**DATA SECTION**
-- Opening Marker --

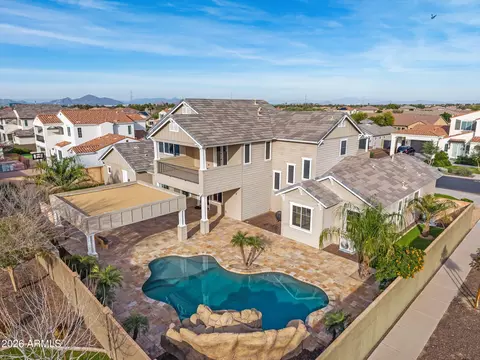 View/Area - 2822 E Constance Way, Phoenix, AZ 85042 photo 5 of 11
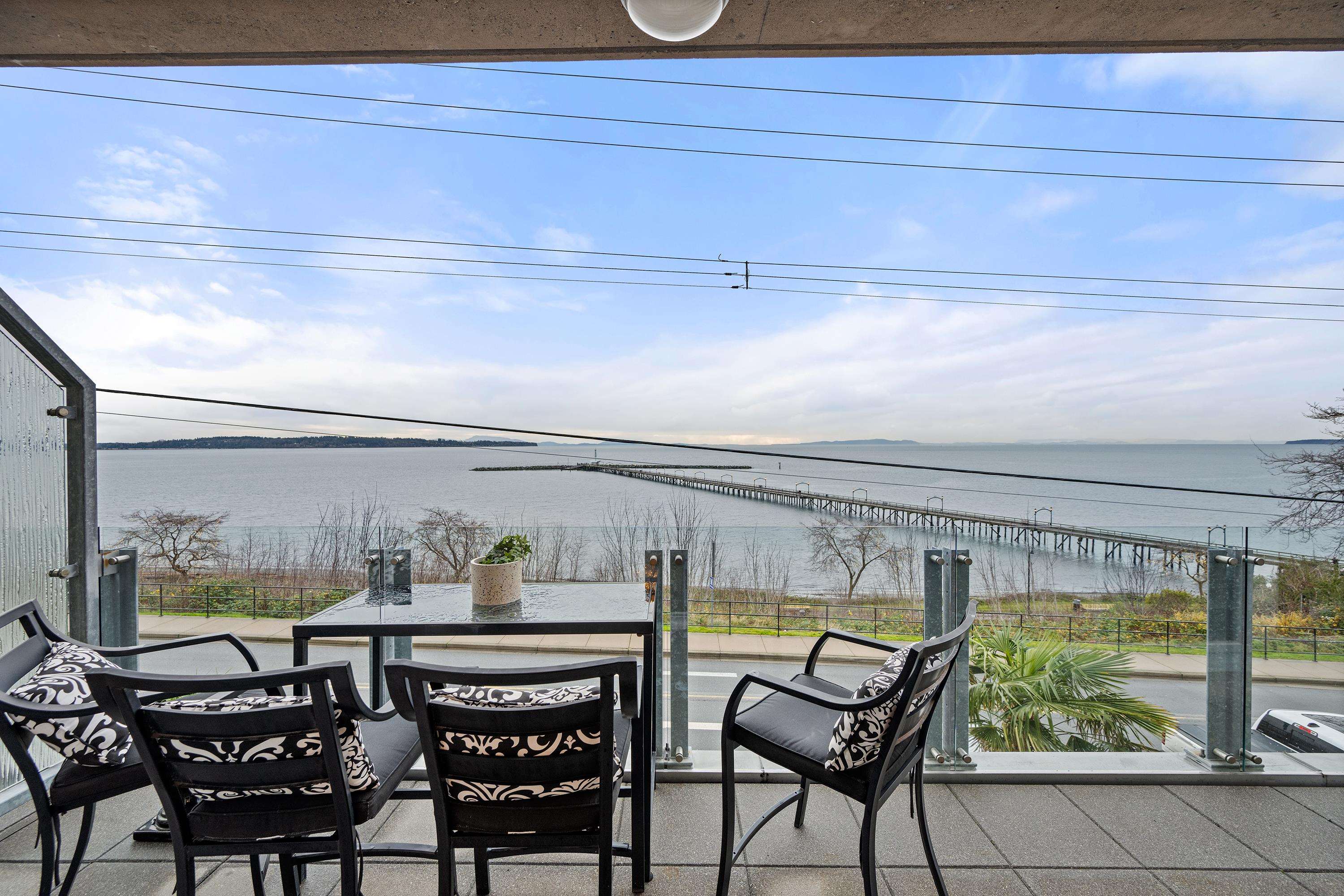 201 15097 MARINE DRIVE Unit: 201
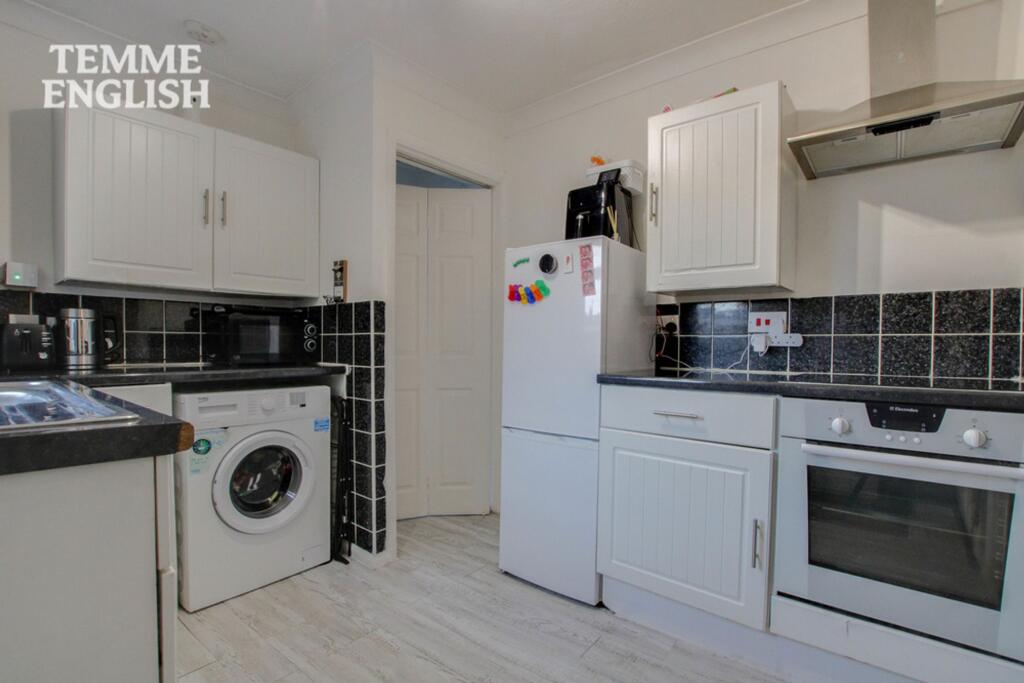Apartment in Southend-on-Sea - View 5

-- Closing Marker --

**REQUIREMENT**
Take the data above and set it down exactly, images excluded.

**RESPONSE BOX**
 View/Area - 2822 E Constance Way, Phoenix, AZ 85042 photo 5 of 11
 201 15097 MARINE DRIVE Unit: 201
Apartment in Southend-on-Sea - View 5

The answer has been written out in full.